* [Exercise aim] The records below are to be set down word for word, with every picture left out.

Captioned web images
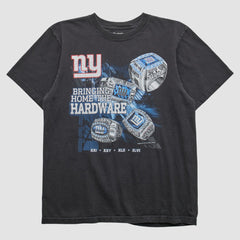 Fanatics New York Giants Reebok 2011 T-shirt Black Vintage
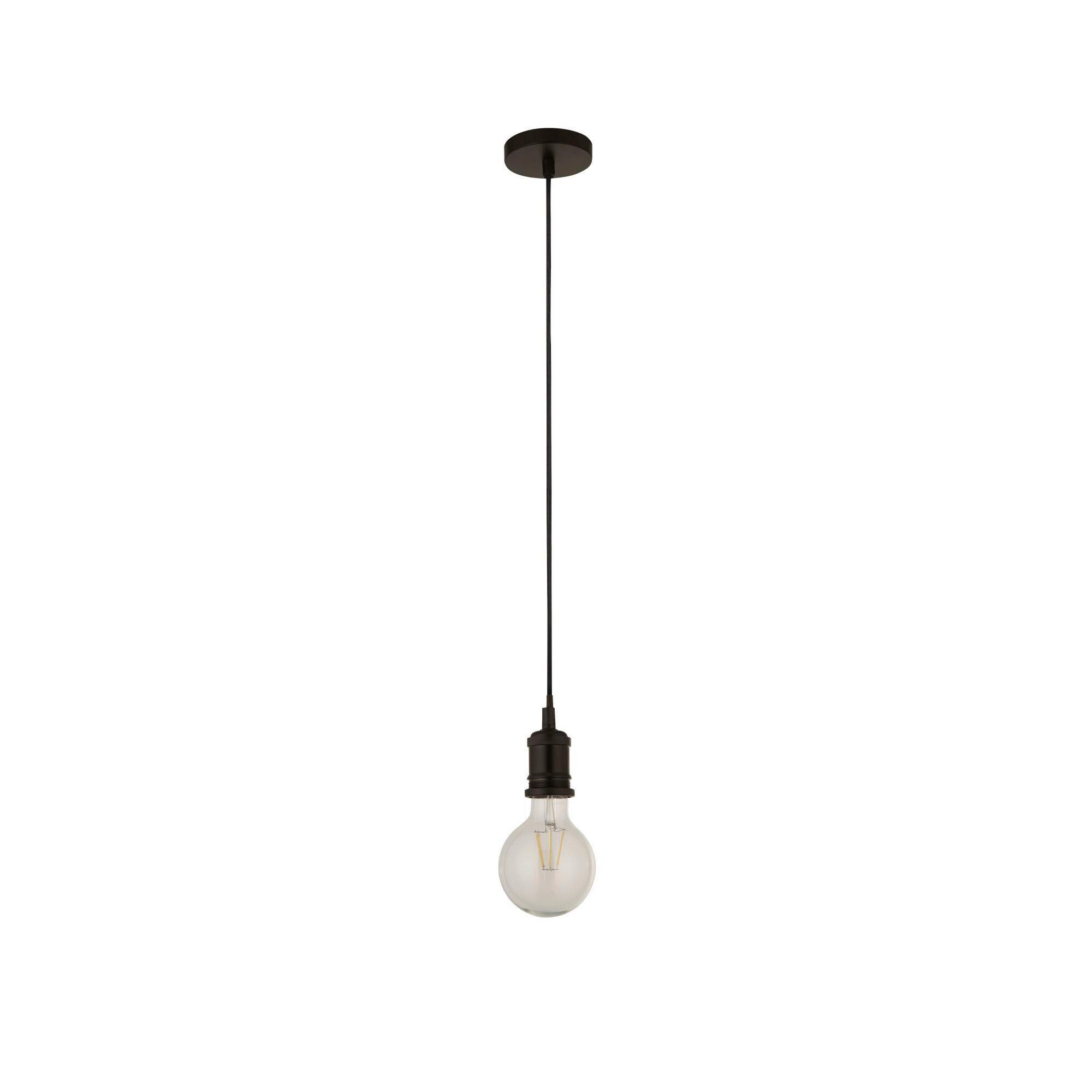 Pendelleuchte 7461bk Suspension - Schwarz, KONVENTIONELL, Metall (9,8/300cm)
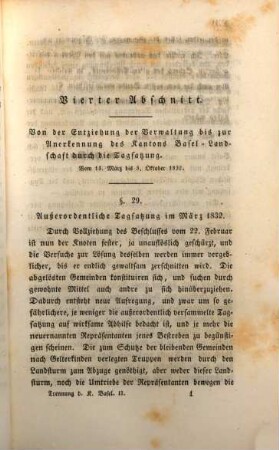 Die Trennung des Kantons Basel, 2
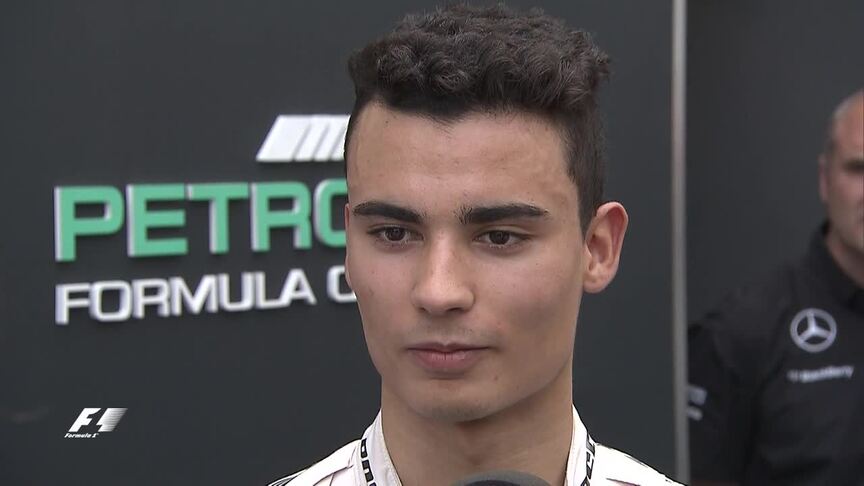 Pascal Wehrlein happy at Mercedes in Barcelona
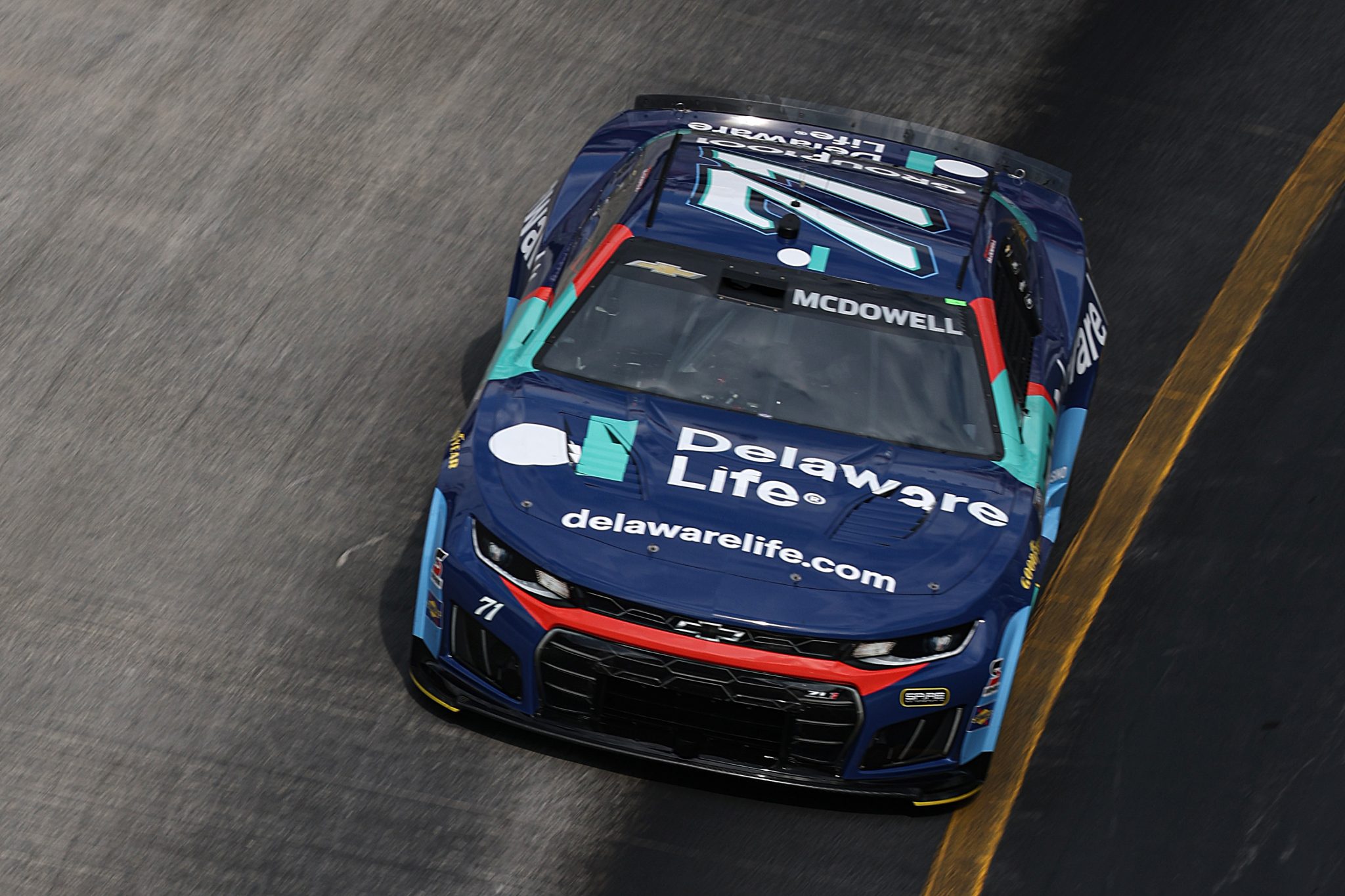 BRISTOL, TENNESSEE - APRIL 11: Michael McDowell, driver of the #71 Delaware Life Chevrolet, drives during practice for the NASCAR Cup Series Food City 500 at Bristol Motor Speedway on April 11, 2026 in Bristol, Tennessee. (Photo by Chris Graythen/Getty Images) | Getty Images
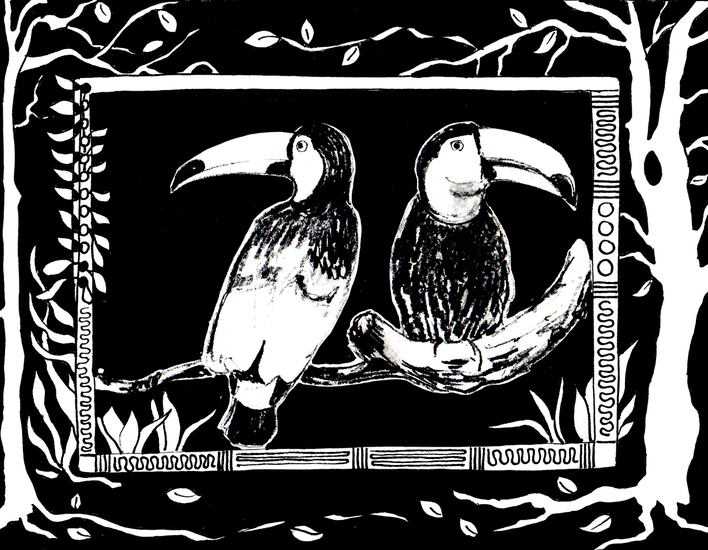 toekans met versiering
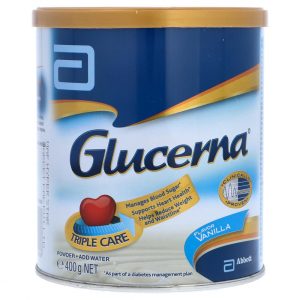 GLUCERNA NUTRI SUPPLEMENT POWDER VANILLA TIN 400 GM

* [Task solution]
 Fanatics New York Giants Reebok 2011 T-shirt Black Vintage
 Pendelleuchte 7461bk Suspension - Schwarz, KONVENTIONELL, Metall (9,8/300cm)
 Die Trennung des Kantons Basel, 2
 Pascal Wehrlein happy at Mercedes in Barcelona
 BRISTOL, TENNESSEE - APRIL 11: Michael McDowell, driver of the #71 Delaware Life Chevrolet, drives during practice for the NASCAR Cup Series Food City 500 at Bristol Motor Speedway on April 11, 2026 in Bristol, Tennessee. (Photo by Chris Graythen/Getty Images) | Getty Images
 toekans met versiering
 GLUCERNA NUTRI SUPPLEMENT POWDER VANILLA TIN 400 GM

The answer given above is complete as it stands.